Völlig überraschend fiel dann auf der Gegenseite der Ausgleichstreffer. Bei einer Feick-Flanke schlief zum ersten Mal die gesamte Club-Defensive. So hatte Robert Leipertz gar keine Mühe aus fünf Metern zum 1:1 einzuköpfen. Besser wurde das Spiel des FCH dadurch nicht. Nürnberg war weiterhin tonangebend und nur FCH-Keeper Jan Zimmermann war es zu verdanken, dass der Club nicht wieder in Führung ging. Beim zweiten Gegentreffer konnte aber auch Zimmermann nicht mehr eingreifen. Und wieder griffen die Heidenheimer den Hausherren tüchtig unter die Arme. Nach einer geklärten FCH-Ecke kam Leipertz außerhalb des Strafraums an den Ball. Statt diesen jedoch einfach nach außen weiterzuleiten, wollte er diesen auf umständliche Weise sichern und verlor ihn dabei. Der Club konterte in Person von Blum, der im Laufduell Robert Strauß ganz einfach abschüttelte. Blum behielt die Übersicht und passte scharf in die Mitte, wo der zurückeilende Leipertz den Ball in die eigenen Maschen beförderte. Dieses Gegentor hätte durch ein klares Abspiel von Leipertz und einem frühzeitigen, taktischen Foul von Strauß durchaus verhindert werden können. So jedoch ging es mit einem Rückstand in die Kabinen.

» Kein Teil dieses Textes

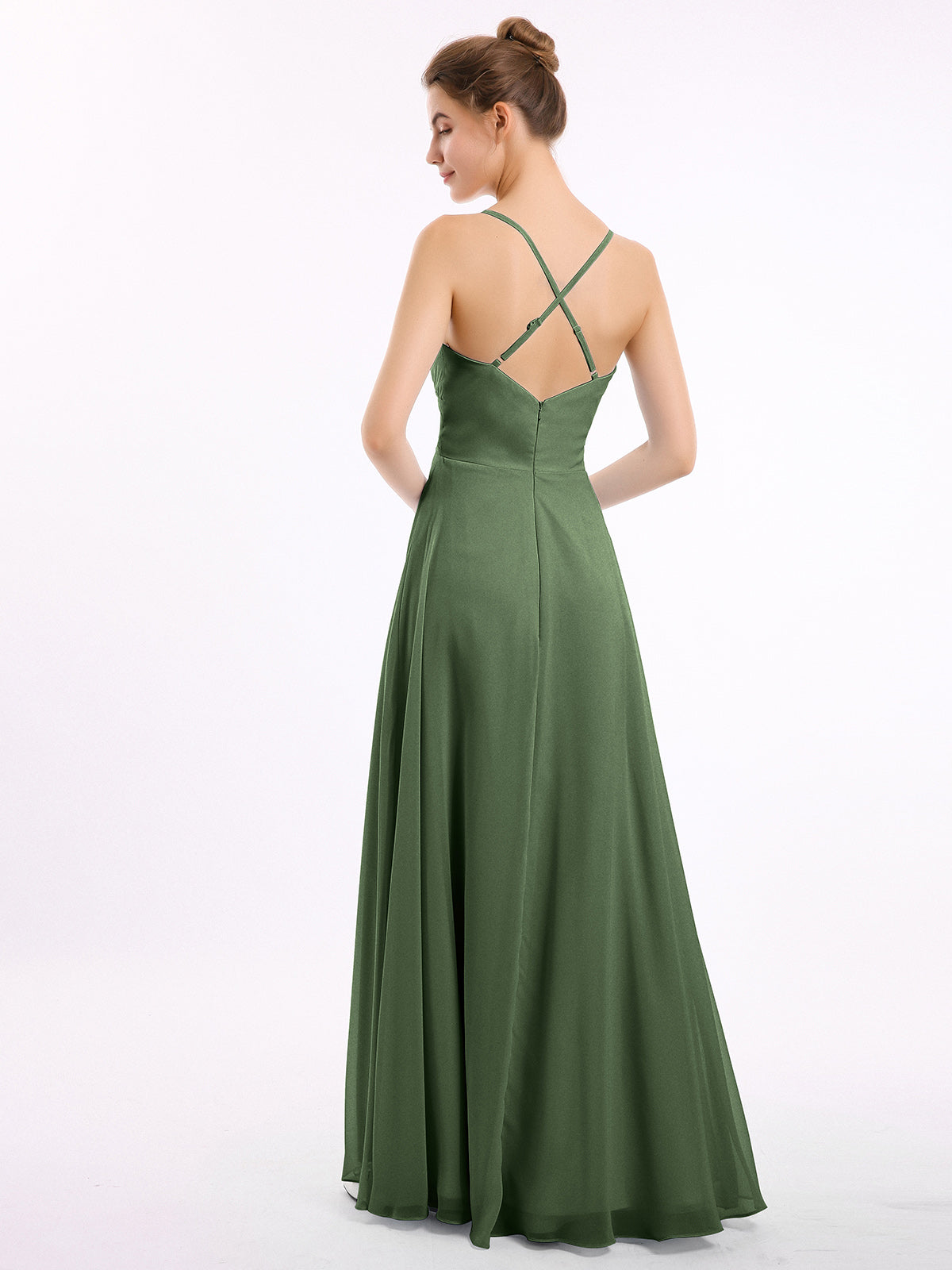 Vestidos de chiffon con tirantes finos y escote en V Verde Oliva Tallas Grandes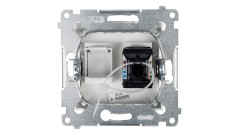 Simon 54 Gniazdo komputerowe pojedyncze RJ45 kat.6 z przesłoną białe D61.01/11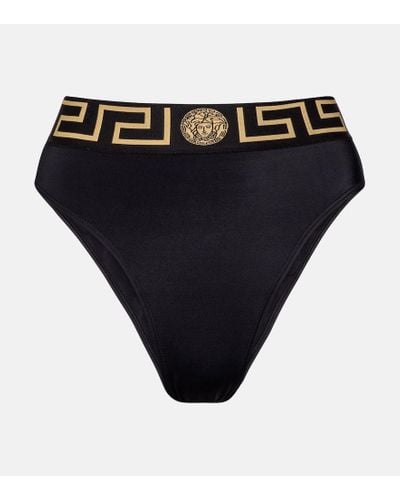 Versace Greca-trim High-waist Bikini Bottoms - Black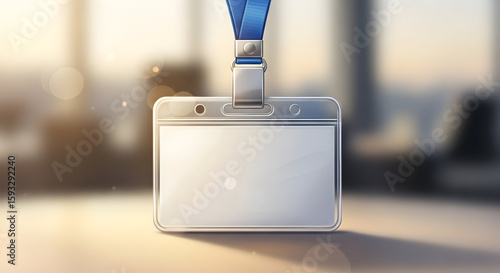 Empty Clear Id Badge with Blue Lanyard Hanging in Bright Modern Office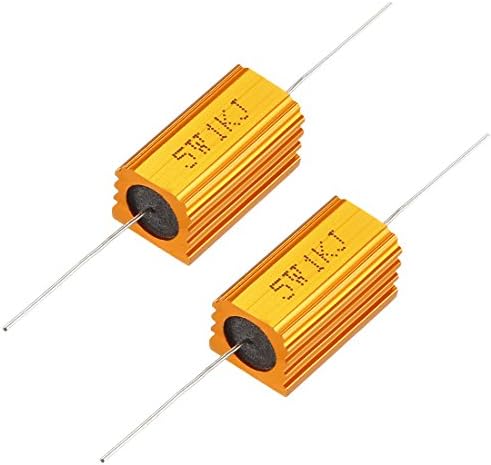 sourcingmap 2 Pcs Aluminum Case Resistor 5W 1K Ohm Wirewound for LED Replacement Converter 5W1KRJ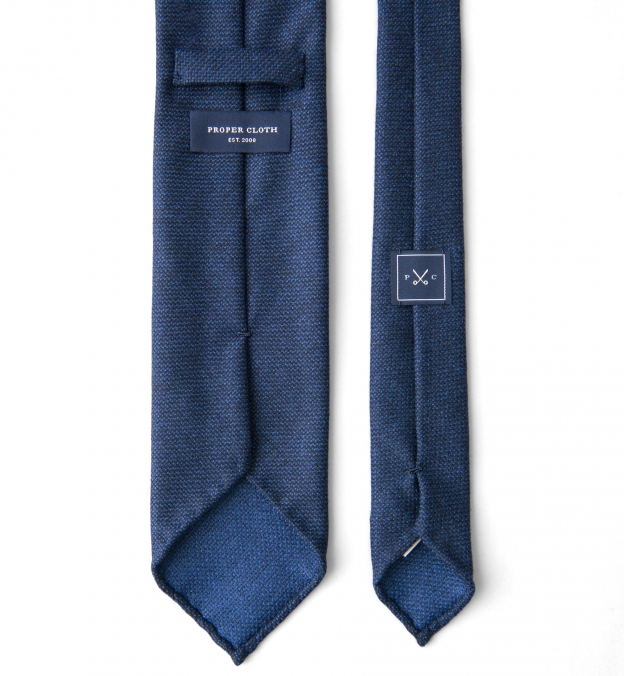 Indigo Blue Hopsack Wool Untipped Tie by Proper Cloth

Gefühlvoll und brachial zum Torerfolg

Eine Reaktion der Gäste suchte man auch zu Wiederbeginn vergeblich. Dennoch gelang es ihnen wieder, den Ausgleichstreffer zu erzielen. Und dieser war einer von der Kategorie „Tor des Monats“. Smail Morabit spazierte über die rechte Seite. Wenige Meter vor der Auslinie suchte er mit seiner Flanke den lauernden Daniel Frahn. Der Ball flog aber an den zweiten Pfosten. Thorsten Kirschbaum streckte sich im FCN-Tor vergebens und so schlug der Ball neben dem Pfosten zum 2:2 ein. Nun war das Momentum eindeutig auf der Seite der Gäste. Nach einem Freistoß kam Mathias Wittek am langen Pfosten an den Ball. Sein Schuss touchierte aber nur die Querlatte. Glück für die Nürnberger, die zweiten Spielabschnitt nicht mehr ganz so drückend agierten, wie noch in Halbzeit eins. Der Sieg sollte ihnen trotzdem noch vergönnt sein. Strauß ließ sich von einem einfach Übersteiger zu leicht austanzen und konnte somit die Flanke nicht mehr unterbinden. In der Mitte nahm Club-Kapitän Jan Polak den Ball kurz mit der Brust an und ließ somit Julius Reinhardt ins leere laufen. Anschließend hämmerte er den Ball direkt mit links auf das Tor. Aus dieser kurzen Distanz konnte Zimmermann nicht mehr entscheidend eingreifen und musste den Ball aus dem Netz fischen.

Formverbessert im Pokal

Es war eine vermeidbare Niederlage und dementsprechend war die Stimmung im Lager des FCH. Man ärgerte sich über die vergebenen Punkte. Die Leistung hätte keine Punkte verdient gehabt, dennoch wären die Gegentreffer, durch ein konsequenteres Defensivverhalten, absolut vermeidbar gewesen. Für den FCH gilt es nun Mund abputzen und nach vorne schauen. Am Sonntag ist man im DFB-Pokal zu Gast beim FK Pirmasens. Zum ersten Mal in der Geschichte war man im Profi Topf vertreten und reist somit als Favorit zum Außenseiter im Pokal. In diesem hat Pirmasens schon oft von sich Reden gemacht und mit einem Auftreten wie gegen Nürnberg wird es für den FCH kein leichtes Unterfangen. Die Zielsetzung ist vorgegeben. Es soll und muss die zweite Runde erreicht werden, ohne großes Zittern, doch dafür ist ein stabileres Auftreten in der Defensive und mehr Durchschlagskraft in der Offensive von Nöten.